#### TASK DESCRIPTION:
Find the line with "Setti aaltoilevia hiuspinnejä" in the records below. Output exactly from there until after the line with "White Shepherd Dog", without pictures.

#### DATA SHOWN:
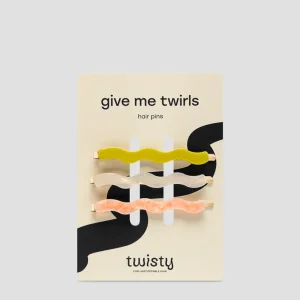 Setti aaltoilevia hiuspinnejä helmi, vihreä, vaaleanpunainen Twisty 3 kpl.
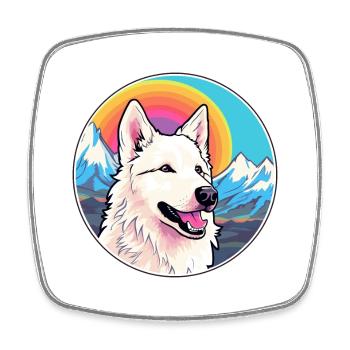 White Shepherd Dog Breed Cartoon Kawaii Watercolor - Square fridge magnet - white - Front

---

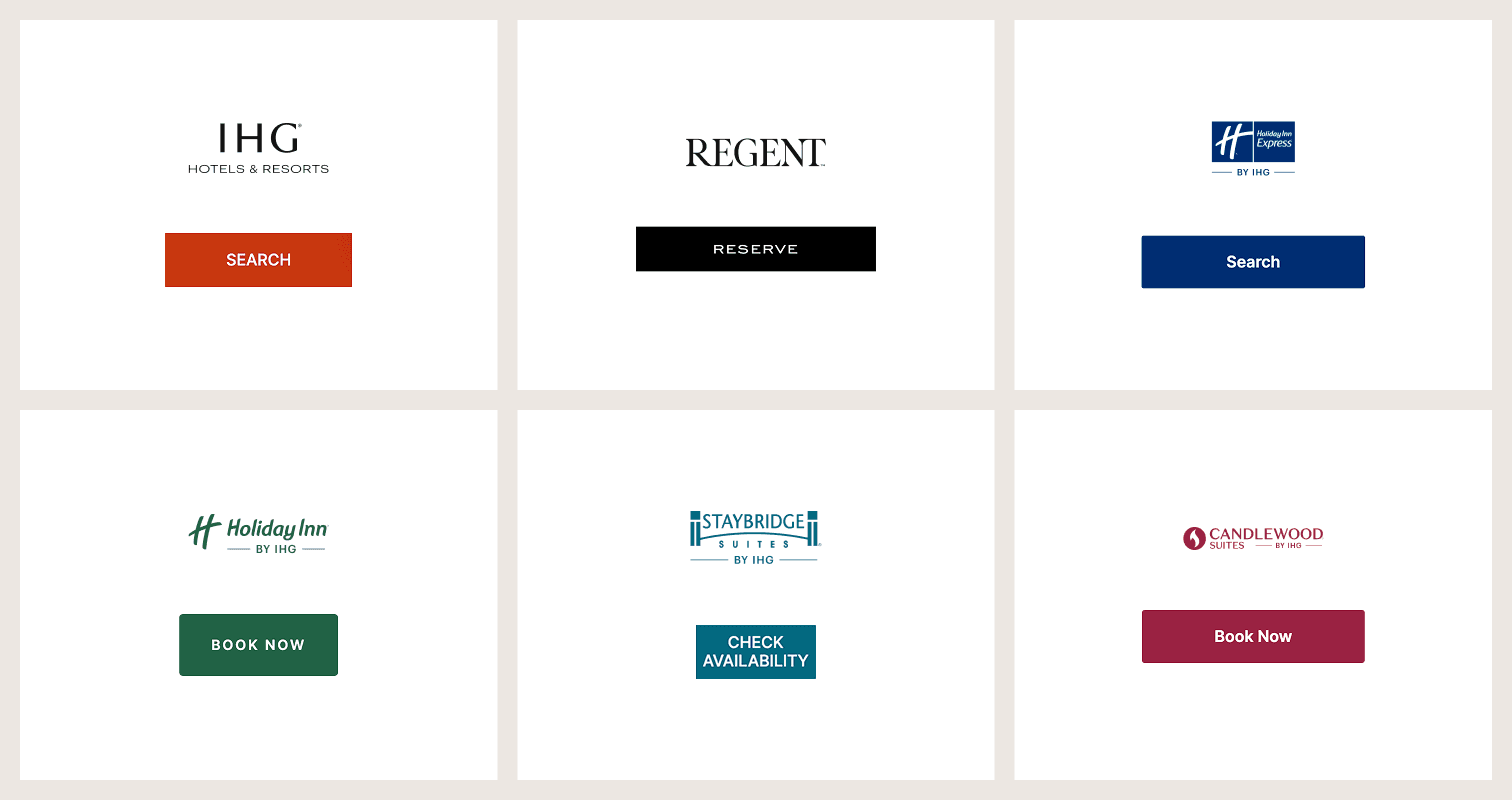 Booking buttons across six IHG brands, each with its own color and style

==

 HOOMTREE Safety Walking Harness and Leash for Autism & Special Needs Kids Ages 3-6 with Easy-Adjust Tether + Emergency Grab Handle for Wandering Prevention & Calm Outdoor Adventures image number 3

#### ANSWER FOR THIS EXERCISE:
 Setti aaltoilevia hiuspinnejä helmi, vihreä, vaaleanpunainen Twisty 3 kpl.
 White Shepherd Dog Breed Cartoon Kawaii Watercolor - Square fridge magnet - white - Front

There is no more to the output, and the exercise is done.